═════ DATA RECORDS ═════

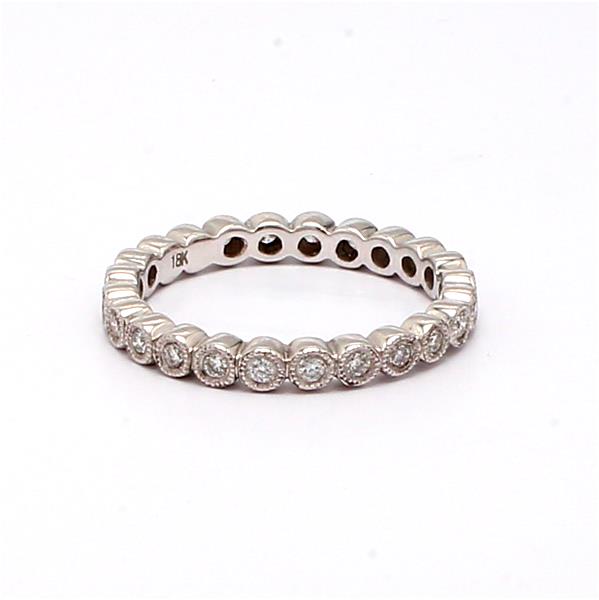 18K White Gold Diamond Eternity Band, 0.36 ct tw – view 4
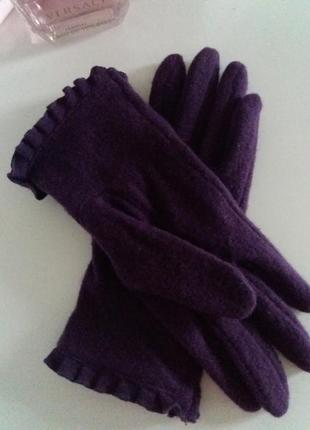 Брендові шерстяні рукавички per una5 фото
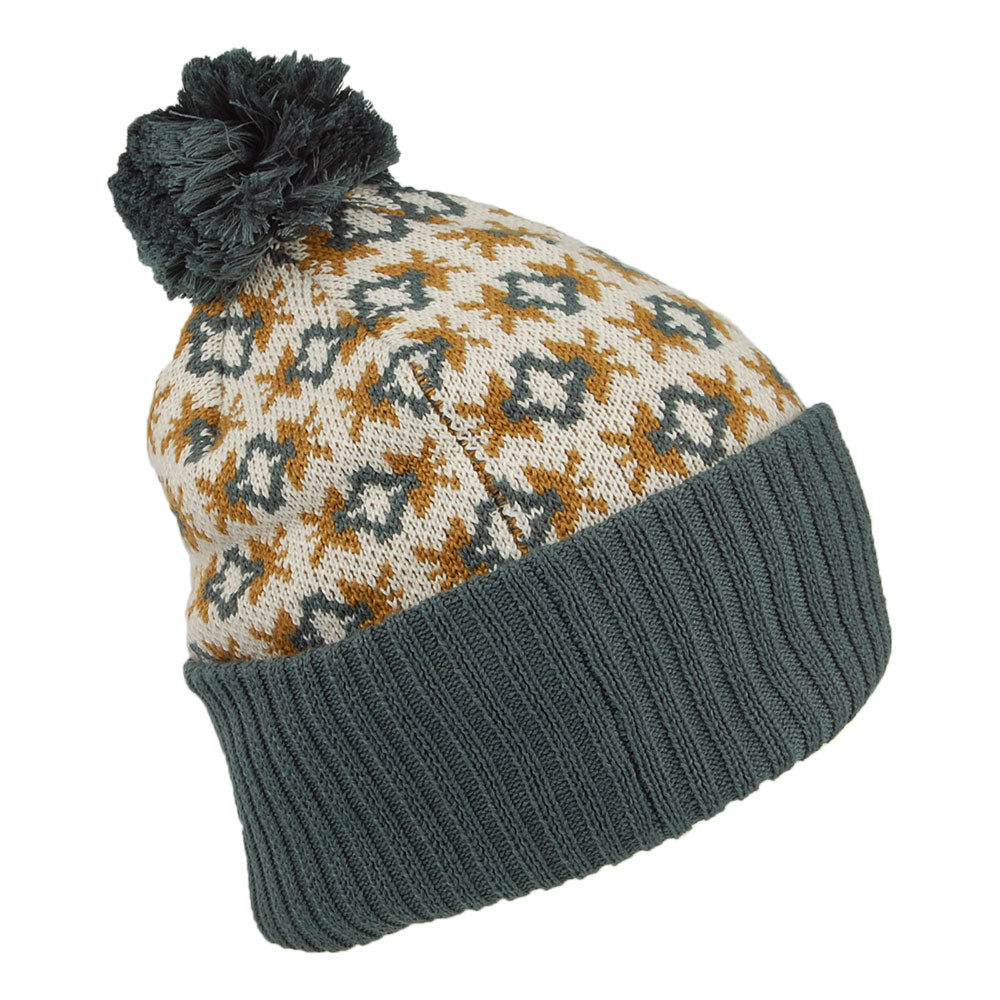 Patagonia Hats Standing Tall Powder Town Bobble Hat - Winter White-Sage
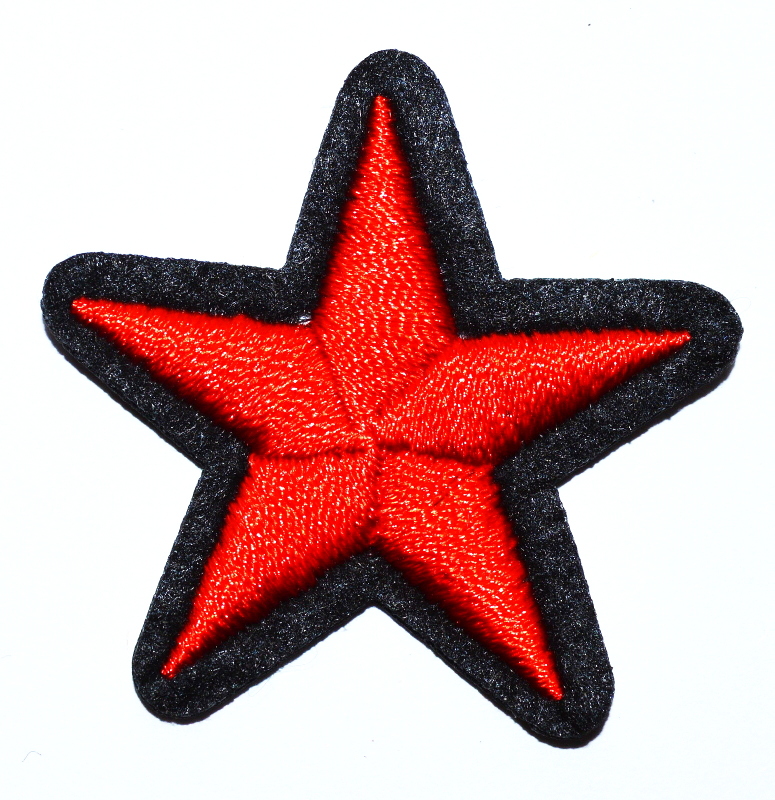 Parche Bordado Estrella Comunista Comunist Red Star Russia China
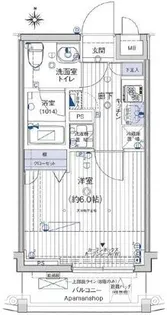 ヴァレッシア池袋シティ【3階】の間取り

═════

**WORK TASK**:
Each line from the one containing "Брендові шерстяні рукавички per una5 фото" through the last line of the listing is to be given again exactly, with no pictures and no other lines.

**TASK SOLUTION**:
 Брендові шерстяні рукавички per una5 фото
 Patagonia Hats Standing Tall Powder Town Bobble Hat - Winter White-Sage
 Parche Bordado Estrella Comunista Comunist Red Star Russia China
 ヴァレッシア池袋シティ【3階】の間取り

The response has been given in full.